» **Task brief**:
Going through the material below, please gather all lines with the word "leather" in them.

» **Provided data**:
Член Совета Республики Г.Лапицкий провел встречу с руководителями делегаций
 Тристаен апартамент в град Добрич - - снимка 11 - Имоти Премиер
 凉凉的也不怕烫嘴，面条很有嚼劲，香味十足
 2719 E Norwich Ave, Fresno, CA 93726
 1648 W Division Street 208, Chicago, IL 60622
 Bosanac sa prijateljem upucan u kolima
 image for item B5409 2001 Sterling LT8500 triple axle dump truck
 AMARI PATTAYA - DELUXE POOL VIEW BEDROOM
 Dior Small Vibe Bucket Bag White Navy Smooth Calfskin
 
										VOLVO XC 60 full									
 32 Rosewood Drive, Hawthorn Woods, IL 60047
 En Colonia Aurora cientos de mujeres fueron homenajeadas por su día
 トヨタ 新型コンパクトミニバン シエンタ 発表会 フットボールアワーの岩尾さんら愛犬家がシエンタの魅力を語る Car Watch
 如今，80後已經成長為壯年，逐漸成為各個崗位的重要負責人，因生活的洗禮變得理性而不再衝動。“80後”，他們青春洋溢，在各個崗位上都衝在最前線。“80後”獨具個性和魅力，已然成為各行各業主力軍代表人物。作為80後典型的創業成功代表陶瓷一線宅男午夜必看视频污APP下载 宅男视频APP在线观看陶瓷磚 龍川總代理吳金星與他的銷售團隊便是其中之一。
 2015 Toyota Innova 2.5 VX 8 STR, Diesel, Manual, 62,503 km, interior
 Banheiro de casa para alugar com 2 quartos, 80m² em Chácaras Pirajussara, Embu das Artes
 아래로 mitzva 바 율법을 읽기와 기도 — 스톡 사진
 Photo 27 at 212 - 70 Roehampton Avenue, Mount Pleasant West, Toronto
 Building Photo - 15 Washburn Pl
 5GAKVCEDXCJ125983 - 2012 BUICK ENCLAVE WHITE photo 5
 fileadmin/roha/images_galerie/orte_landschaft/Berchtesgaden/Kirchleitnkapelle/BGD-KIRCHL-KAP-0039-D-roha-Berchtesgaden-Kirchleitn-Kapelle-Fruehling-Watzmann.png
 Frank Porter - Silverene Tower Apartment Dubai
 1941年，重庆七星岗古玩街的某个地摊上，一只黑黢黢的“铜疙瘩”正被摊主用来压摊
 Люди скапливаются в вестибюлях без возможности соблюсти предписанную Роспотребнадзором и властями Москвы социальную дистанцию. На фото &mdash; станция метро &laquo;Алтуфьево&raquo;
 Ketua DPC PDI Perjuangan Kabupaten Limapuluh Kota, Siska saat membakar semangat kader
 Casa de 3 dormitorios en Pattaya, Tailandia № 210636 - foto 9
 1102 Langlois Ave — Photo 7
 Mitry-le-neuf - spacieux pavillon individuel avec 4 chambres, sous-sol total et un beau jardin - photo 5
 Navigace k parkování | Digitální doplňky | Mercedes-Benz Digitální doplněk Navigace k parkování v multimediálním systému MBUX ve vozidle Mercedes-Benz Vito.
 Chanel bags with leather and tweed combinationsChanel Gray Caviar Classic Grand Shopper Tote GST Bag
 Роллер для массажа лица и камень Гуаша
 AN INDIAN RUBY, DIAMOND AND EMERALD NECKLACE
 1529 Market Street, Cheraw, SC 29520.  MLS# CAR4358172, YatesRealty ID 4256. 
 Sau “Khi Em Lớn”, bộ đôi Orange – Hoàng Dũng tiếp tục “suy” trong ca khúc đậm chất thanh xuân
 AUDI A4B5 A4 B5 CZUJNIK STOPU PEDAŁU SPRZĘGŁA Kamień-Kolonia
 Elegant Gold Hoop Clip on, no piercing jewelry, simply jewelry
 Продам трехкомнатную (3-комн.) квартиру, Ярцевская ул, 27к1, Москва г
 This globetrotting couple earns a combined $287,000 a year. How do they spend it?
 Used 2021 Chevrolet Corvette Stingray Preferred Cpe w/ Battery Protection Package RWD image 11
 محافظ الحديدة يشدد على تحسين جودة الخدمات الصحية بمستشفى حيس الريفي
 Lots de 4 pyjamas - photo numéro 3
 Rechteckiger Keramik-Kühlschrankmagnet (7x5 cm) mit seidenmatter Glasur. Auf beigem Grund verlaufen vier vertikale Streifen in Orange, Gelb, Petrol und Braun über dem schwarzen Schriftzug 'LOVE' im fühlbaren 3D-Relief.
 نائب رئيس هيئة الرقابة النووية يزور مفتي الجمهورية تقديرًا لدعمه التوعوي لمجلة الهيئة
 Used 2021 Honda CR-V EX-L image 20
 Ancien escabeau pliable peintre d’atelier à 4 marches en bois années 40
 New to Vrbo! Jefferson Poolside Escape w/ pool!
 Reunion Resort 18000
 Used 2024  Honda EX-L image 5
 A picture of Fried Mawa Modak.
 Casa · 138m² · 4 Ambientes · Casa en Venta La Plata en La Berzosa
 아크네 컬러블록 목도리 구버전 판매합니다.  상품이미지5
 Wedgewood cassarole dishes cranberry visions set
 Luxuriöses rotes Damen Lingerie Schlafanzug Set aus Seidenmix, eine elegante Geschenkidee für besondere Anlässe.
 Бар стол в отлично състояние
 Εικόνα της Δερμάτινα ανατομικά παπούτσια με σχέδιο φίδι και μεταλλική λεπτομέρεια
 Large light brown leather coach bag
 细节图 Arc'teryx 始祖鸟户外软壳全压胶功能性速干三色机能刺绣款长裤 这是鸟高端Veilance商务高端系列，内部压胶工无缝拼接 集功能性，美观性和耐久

» **Response area**:
 Chanel bags with leather and tweed combinationsChanel Gray Caviar Classic Grand Shopper Tote GST Bag
 Large light brown leather coach bag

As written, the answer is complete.